Robotic Process Automation (RPA) is one of the most exciting developments in Business Process Management (BPM) in recent history. Some industry experts believe it may be even more transformational than cloud computing.

However, is this game-changing technology all that new? Any BPM practitioner with a sense of history knows that RPA has been around for a long, long time. For instance, inbound call centers have been using Interactive Voice Response Systems (IVRS) for years. These systems employ robots to guide customers, accept key tone or voice-based responses, and pass on instructions to the underlying application to complete a transaction. Similarly, optical character recognition (OCR) technology—also classified as software robots—have been used for a while now to deliver high auto-extraction efficiencies. Moreover, since the advent of web-based solutions, the industry has always used internet BOTs (short form for Robots) for auto-posting of data. Software Testing industry has used similar type of automation for many years to post data in applications to manage functional, integration, user and more significantly regression testing.

What is different about the latest wave of RPA is the maturity of both technology as well as the business processes it is applied to.
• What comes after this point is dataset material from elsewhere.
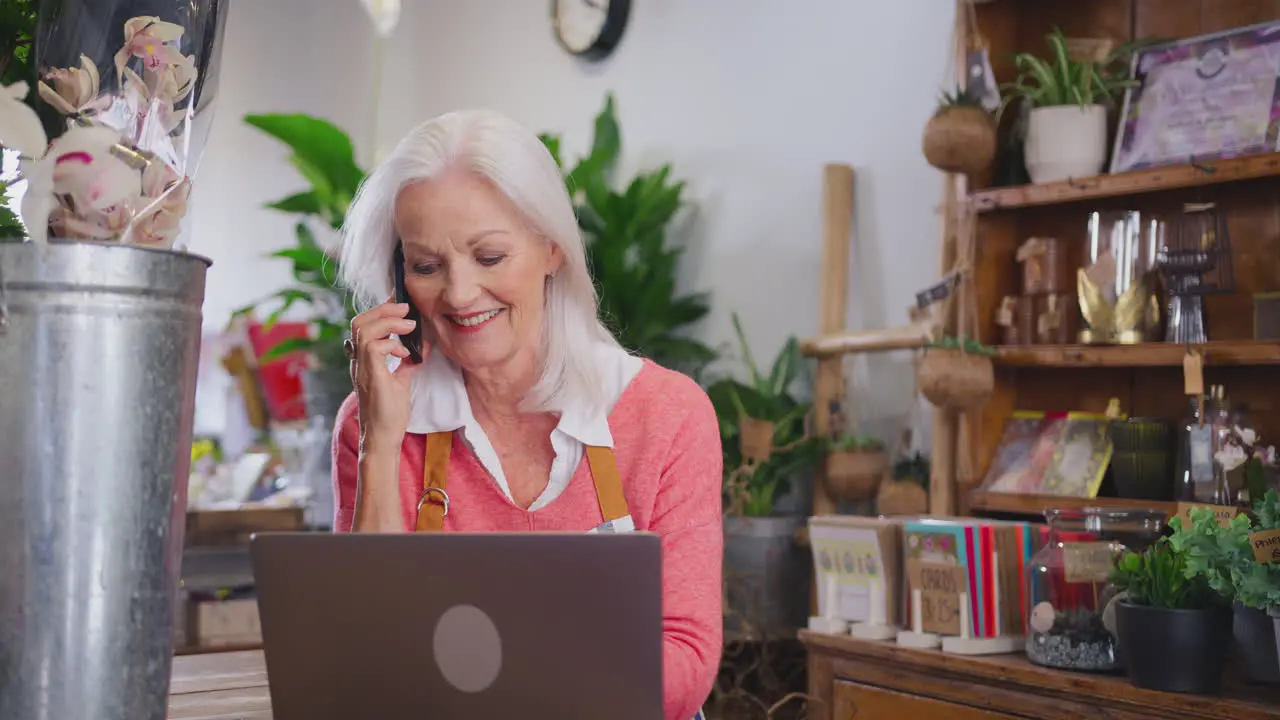 Female Owner Of Florists Shop With Laptop Talking On Mobile Phone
The market for RPA is advancing rapidly—and widespread adoption of robotic automation could radically reshape the BPM marketplace. In my view, this transformation will be driven by a pursuit of five outcomes:

  • Cost reduction: Software robots are typically at least one third the price of an offshore FTE.
  • Efficiency: RPA can operate 24X7 without breaks provided the underlying core applications are available.
  • Accuracy: Human FTEs make data entry mistakes, whereas robots perform the same task the same way every time provided there is no judgment call required while processing transactions.
  • Improved audit and regulatory compliance: Robots can provide a detailed audit logs enabling advanced business analytics and improved compliance.
  • Ease of change management: Robots preserve application and data integrity by leveraging the existing application presentation layer and re-using existing application logic, databases and validation without deep understanding and re-engineering.

To sum up: RPA is not new. Without a doubt you and your organization have already been touched by robotic automation in one form or another. However, they say there’s nothing as powerful as an idea whose time has come. And the time for RPA-powered transformation is now.